Relying on these authorities, Mr. Pathak has urged that whenever goods are purchased in bulk, so long as the whole lot has not been sold, profits cannot be ascertained, and the income does not become taxable. I do not consider that this general statement of the law can be correct. All retail dealers purchase stock in large quantities and they continue to sell them over a period of several years and, if the learned counsel's contention is correct, then separate account will have to be kept of each such purchase in bulk and, so long as the entire stock so purchased has not been disposed of, no tax can be imposed. There might be further difficulty that a part of the stock might not be sold for years and in that case the ascertainment of profits and the assessment of the income would have to be postponed for an indefinite period.

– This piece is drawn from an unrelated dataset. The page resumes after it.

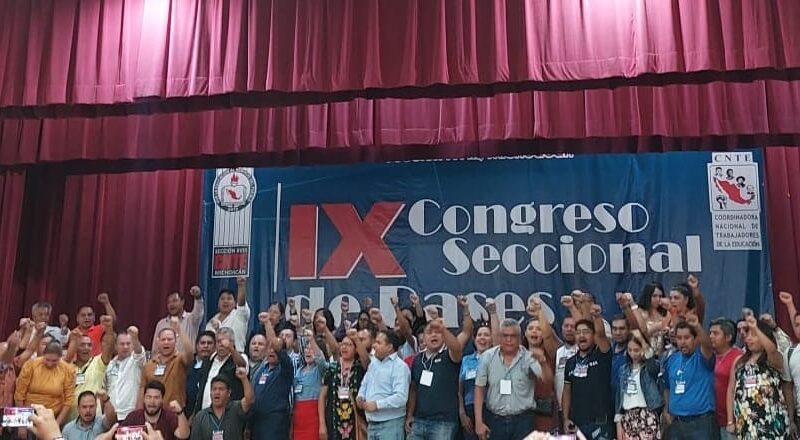 CNTE azul expulsa a maestros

The two cases cited above were very special cases where plots of land had been purchased as one unit and money had been spent on developing them, organizing their sale and in dividing them into various plots and it was not possible to ascertain whether there had been profit or loss so long as all the plots had not been sold. It was in those special circumstances that it was held that so long as all the plots were not sold the profits could not be ascertained and it could not be said that the assessee had made a profit or had suffered a loss.